Women of Distinction also is still needed because it recognizes women in several areas, including nontraditional categories, such as science, technology, engineering and math, German, Hines and Richards said.

The event also has evolved to recognize more women of color and of diverse backgrounds, Richards said.

Asked for advice for women and men to be more inclusive, German said: "In our society, we spend a lot of time talking. Listening and working together is the key to a successful workplace, school and community."

"We teach our kids to listen and get along," German said. "We kind of forget that when we grow up."

Richards urges people who see injustice to speak up. "What you gain from that is a well-balanced, fair and efficient workforce."

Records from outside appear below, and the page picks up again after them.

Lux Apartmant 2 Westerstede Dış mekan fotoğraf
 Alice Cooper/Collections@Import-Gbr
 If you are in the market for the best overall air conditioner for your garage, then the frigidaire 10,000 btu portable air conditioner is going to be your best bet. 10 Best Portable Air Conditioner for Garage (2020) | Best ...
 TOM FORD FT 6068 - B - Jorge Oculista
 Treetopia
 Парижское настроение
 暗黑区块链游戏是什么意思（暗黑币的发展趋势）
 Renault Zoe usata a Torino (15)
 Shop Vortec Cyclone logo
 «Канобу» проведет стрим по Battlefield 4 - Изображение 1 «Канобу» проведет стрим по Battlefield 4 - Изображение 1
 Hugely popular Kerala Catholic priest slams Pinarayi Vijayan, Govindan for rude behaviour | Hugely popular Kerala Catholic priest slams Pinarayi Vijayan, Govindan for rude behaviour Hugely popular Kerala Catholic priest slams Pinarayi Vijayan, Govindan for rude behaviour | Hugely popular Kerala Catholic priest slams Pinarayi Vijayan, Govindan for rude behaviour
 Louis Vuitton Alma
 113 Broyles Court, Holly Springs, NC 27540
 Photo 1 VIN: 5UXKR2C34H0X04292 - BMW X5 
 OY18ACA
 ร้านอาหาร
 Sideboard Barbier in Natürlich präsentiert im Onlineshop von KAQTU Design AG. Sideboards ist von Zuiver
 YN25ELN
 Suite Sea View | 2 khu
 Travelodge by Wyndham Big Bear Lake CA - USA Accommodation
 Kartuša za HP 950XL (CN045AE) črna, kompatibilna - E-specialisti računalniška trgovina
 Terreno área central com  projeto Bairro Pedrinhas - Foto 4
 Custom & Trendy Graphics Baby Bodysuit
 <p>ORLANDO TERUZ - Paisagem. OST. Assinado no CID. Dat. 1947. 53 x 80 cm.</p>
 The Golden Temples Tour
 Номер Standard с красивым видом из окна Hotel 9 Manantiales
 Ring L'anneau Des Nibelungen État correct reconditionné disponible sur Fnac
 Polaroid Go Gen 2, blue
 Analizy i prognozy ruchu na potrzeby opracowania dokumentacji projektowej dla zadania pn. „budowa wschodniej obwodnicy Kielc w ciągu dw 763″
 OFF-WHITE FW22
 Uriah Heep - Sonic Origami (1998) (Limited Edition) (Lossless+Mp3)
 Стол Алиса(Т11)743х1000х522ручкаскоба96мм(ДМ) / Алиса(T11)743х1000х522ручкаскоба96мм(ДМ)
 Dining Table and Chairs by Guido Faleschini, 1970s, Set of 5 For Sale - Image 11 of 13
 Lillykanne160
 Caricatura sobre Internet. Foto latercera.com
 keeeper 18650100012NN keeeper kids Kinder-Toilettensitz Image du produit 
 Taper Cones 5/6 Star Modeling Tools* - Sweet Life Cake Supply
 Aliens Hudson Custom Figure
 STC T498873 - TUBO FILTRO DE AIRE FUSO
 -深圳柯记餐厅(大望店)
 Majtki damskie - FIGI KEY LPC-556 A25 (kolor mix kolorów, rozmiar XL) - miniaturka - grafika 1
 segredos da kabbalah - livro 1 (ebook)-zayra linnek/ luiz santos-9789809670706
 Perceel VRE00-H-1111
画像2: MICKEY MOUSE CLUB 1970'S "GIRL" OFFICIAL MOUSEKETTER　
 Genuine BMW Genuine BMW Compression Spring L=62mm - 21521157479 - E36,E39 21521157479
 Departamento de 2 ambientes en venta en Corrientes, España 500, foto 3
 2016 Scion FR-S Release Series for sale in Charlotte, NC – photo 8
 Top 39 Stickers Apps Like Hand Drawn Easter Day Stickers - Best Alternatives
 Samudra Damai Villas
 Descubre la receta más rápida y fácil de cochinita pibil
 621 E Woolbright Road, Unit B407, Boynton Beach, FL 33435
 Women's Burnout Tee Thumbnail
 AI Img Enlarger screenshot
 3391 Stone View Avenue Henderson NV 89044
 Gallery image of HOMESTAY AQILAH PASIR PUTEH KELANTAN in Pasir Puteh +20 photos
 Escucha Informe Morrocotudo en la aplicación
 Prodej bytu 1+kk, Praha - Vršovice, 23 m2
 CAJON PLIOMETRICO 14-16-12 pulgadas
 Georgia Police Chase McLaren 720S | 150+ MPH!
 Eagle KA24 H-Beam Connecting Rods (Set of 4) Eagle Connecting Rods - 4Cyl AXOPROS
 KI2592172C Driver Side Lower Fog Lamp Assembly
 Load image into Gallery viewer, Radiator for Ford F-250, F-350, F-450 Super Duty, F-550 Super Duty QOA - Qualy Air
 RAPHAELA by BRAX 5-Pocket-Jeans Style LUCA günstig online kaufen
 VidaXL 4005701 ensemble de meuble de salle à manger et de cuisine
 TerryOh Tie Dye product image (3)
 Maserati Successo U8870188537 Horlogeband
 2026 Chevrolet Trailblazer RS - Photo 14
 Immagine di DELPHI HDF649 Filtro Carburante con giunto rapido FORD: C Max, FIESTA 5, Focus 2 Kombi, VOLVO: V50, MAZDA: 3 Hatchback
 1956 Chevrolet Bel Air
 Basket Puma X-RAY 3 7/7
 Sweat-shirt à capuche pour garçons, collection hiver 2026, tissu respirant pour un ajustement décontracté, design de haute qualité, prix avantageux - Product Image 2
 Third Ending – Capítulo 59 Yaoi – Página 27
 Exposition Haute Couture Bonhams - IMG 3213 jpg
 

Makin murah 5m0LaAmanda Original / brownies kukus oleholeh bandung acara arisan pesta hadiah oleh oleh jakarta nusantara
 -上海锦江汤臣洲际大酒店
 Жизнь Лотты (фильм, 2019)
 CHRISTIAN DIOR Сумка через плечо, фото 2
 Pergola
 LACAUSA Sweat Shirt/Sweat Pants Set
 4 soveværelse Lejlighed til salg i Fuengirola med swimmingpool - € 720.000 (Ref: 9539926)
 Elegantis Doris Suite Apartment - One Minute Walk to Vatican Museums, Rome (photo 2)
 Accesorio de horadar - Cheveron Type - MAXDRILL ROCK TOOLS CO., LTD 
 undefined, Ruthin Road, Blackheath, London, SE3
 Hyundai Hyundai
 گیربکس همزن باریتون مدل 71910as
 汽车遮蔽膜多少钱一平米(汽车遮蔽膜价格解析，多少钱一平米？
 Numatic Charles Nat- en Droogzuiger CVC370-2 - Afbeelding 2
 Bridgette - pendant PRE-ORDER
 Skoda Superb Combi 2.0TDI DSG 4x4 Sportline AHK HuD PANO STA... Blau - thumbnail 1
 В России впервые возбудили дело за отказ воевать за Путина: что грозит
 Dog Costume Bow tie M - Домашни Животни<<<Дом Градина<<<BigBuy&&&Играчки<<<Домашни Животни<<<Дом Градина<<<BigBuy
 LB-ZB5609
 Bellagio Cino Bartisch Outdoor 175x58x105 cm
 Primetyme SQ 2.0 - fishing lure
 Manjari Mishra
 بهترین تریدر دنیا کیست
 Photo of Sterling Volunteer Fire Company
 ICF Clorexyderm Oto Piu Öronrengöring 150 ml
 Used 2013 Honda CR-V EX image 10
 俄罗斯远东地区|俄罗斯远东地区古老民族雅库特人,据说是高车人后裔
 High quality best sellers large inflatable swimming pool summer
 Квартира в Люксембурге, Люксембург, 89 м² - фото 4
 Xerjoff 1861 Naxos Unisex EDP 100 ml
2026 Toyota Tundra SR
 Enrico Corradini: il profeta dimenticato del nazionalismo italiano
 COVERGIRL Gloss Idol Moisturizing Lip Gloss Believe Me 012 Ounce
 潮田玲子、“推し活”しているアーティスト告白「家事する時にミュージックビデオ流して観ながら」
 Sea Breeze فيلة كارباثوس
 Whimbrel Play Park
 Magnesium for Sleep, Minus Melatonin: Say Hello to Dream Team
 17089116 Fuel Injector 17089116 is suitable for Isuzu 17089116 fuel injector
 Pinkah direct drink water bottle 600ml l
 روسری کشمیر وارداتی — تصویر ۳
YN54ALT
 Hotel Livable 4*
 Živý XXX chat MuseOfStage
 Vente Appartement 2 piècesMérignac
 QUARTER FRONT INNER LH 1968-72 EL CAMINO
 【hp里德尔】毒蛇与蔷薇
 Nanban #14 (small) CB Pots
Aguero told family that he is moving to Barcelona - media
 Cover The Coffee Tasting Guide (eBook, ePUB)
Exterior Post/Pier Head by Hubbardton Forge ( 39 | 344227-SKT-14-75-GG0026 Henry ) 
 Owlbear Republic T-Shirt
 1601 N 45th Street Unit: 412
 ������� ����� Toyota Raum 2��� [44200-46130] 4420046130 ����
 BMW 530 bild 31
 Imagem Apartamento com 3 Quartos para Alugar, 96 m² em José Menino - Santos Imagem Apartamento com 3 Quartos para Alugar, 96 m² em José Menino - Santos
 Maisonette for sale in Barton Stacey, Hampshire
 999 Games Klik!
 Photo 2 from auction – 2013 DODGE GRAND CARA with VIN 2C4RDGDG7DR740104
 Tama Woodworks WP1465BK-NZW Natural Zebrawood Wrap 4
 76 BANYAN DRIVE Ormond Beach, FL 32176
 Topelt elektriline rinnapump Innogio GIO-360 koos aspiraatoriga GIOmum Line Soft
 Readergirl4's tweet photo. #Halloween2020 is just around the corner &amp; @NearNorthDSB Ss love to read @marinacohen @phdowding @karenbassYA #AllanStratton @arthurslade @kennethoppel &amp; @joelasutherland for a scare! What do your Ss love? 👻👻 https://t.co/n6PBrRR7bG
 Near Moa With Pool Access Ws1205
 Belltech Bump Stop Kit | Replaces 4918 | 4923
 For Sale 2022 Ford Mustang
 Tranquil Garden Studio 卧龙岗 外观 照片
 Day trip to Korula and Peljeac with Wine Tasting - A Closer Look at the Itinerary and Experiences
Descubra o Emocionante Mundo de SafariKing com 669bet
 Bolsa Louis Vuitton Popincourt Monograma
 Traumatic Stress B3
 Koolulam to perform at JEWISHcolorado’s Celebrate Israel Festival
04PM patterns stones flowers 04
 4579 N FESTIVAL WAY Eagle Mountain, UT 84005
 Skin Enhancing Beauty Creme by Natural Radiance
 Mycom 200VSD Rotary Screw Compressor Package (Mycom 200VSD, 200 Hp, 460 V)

Business: Nikki Brauer, Illinois State University

Creative arts and entertainment: Ama Oforiwaa Aduonum, ISU

Education: Harriett Steinbach, ISU

Professions: Nikita Richards, city of Bloomington and NDR Communications

Social services: Pat Turner, Center for Hope Ministries

STEM (Science, Technology, Engineering and Math): Brandy Finney, Integrity Technology Solutions

Harriett F. Rust volunteer service: Terri Helregel, Country Financial

Caribel Washington young professional: Colleen O'Connor, Project Oz

WINGS awards: Nicole Anderson, Amanda Hendricks, Nicole Kaminski, Jillian McGriff, Kate Myers and Kristal Shelvin.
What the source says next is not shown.